I was okay with it, sure of myself, after all, according to the media and my 17-year-old knowledge of the world, we weren't at war with anybody.

I was at the Saint Paul MEPS the morning of September 11th, 2001.

The briefing room doors were left open, televisions going as we listened between stations. Vision checked. A plane hit the first tower. Walk like a duck. A plane hit the second tower. Pee in this cup. A camera follows a man jumping to the ground. Hearing test. A plane is down in Pennsylvania.

Some recruiters left with their charges. The first tower fell. The place is really fucking quiet.

Everyone watches in horror. The second tower fell.

Put your hand on the bible. Repeat after me. Sign the paper. Helicopters are in the sky to protect the Twin Cities.

The Pentagon was hit too. Mom on the phone crying, asking if I signed.

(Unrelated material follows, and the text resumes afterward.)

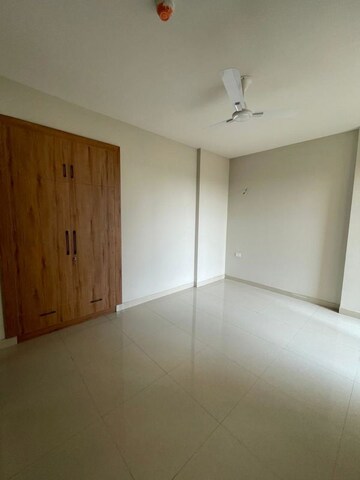 Room in 2 BHK Apartment at Tata Eureka Park, Sector 150 – for Rent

Horror. Seventeen years old, dozens of terrorist groups race to claim the attack. Classmates are frothing at the mouth to join so they can go "kill the mother fuckers."

People are calling for blood. The body count rises. I'm still in high school, learning how to dismantle weapons and march and and take commands.

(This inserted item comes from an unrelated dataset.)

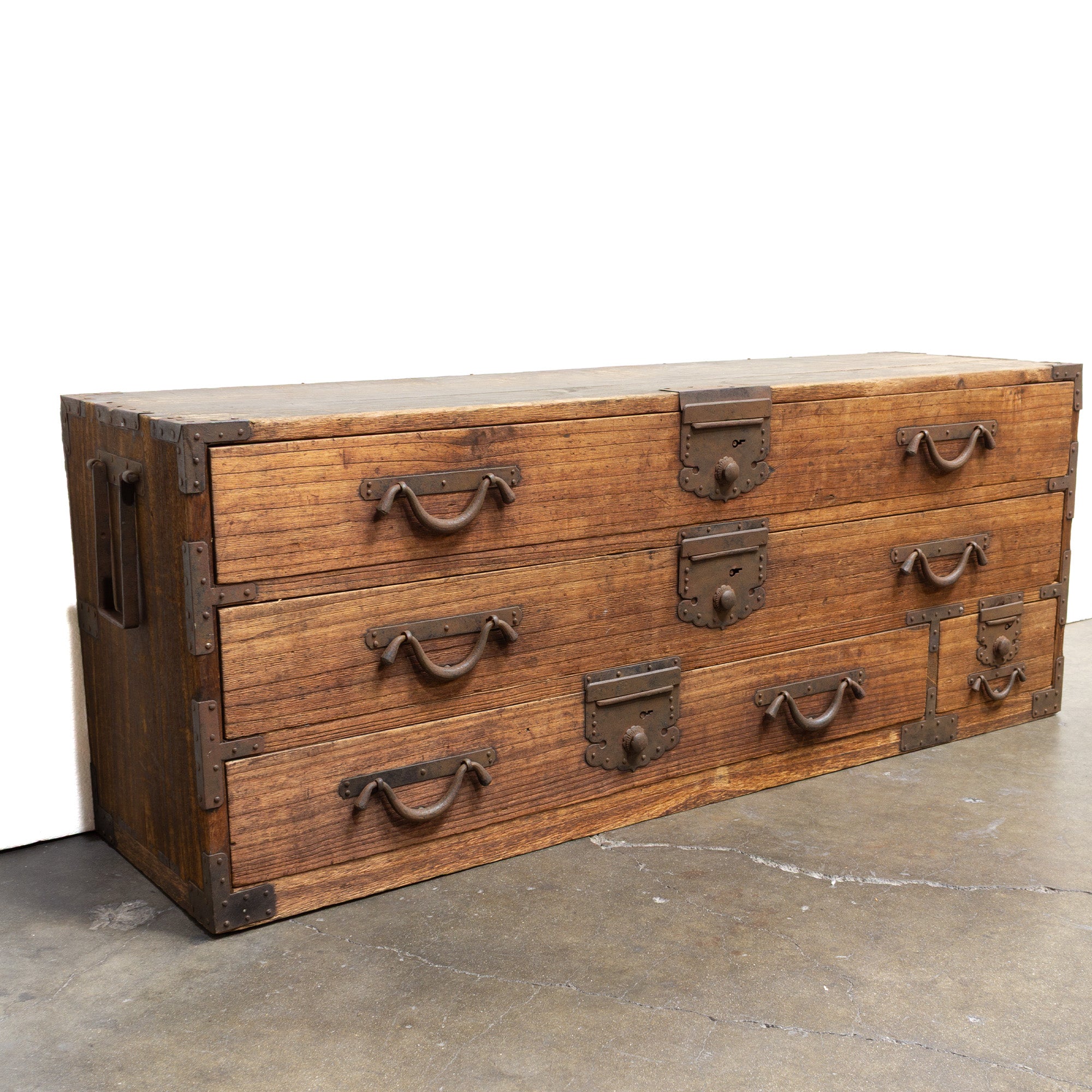 Katana Dansu | Japanese Antique Sword Storage Chest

My paper work is "lost" and some man gets my job. I am switched to Medical Supply without so much as a "by-your-leave".

Then it happens. Major Miller calls us to assemble. He tells us Bush os sending us to war. I will never forget his words.

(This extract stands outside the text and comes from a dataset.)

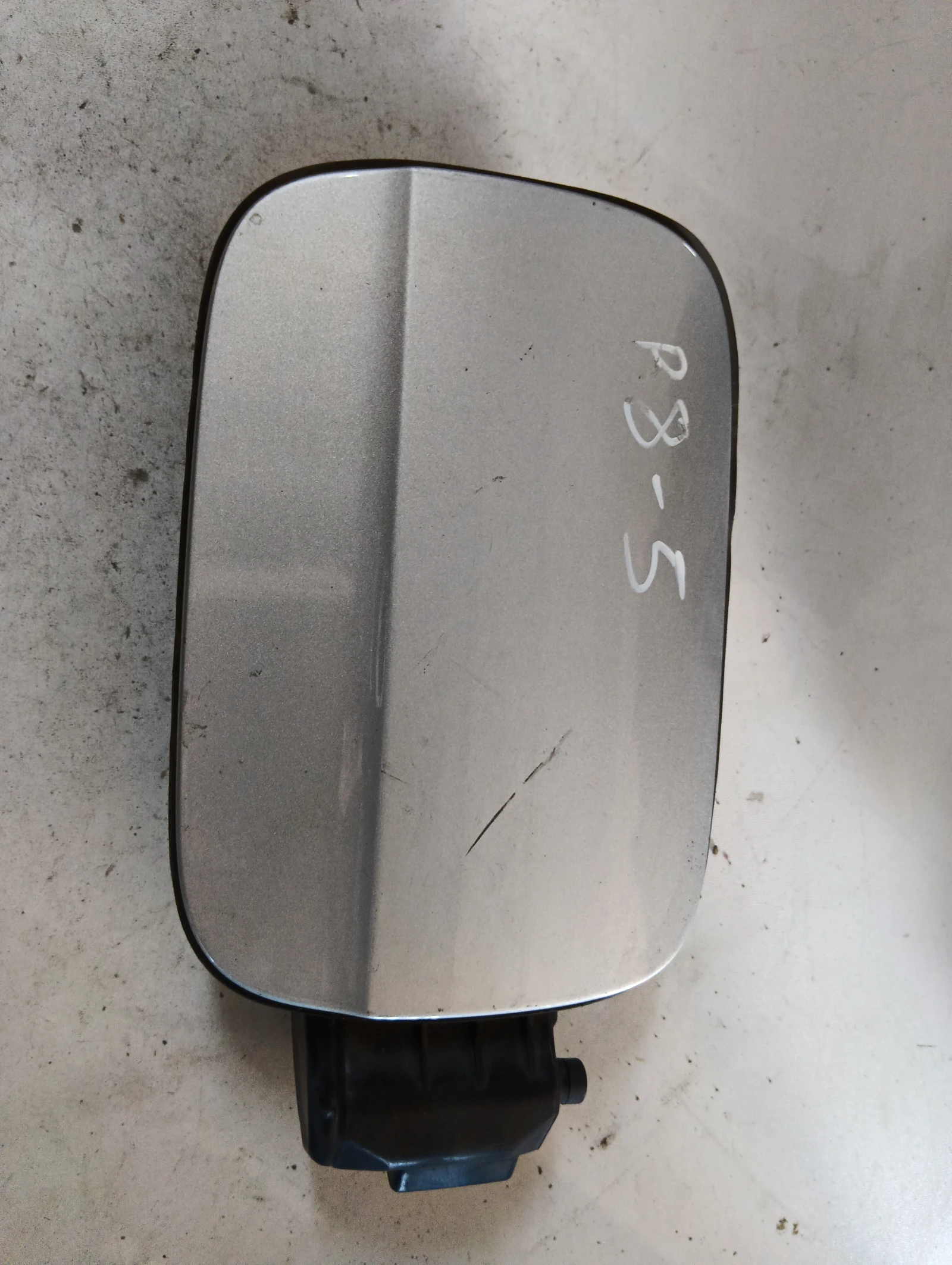 вратичка резервоар СИВА  8K0809999A Audi A4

"You do not have to respect the man, or his decision. Only his power, and his position." Our commander, and many others, did not agree with going into Iraq to pursue a guy said to be in Afghanistan anymore than any of us did.

But we were legally bound. Children and all. I couldn't vote yet. Couldn't have my first drink. But I could go kill strangers on the other side of the war.

We started amping up the PT, carrying rubber ducks and learning to shoot our M16-A2's.

17 years old. Throwing hand grenades and firing a fully automatic weapon.

Then, it was time to go. National Guard leading the way. Echo Company of the 434th MSB left without me. A shattered ankle, playing flag football. I still have problems with it to this day.

They didn't come back for a long time. Just over two and a half years. The Red Bulls are the reason they put time limits on tours. No limits on how many times they can send you, of course, but limits on how long you can stay each time.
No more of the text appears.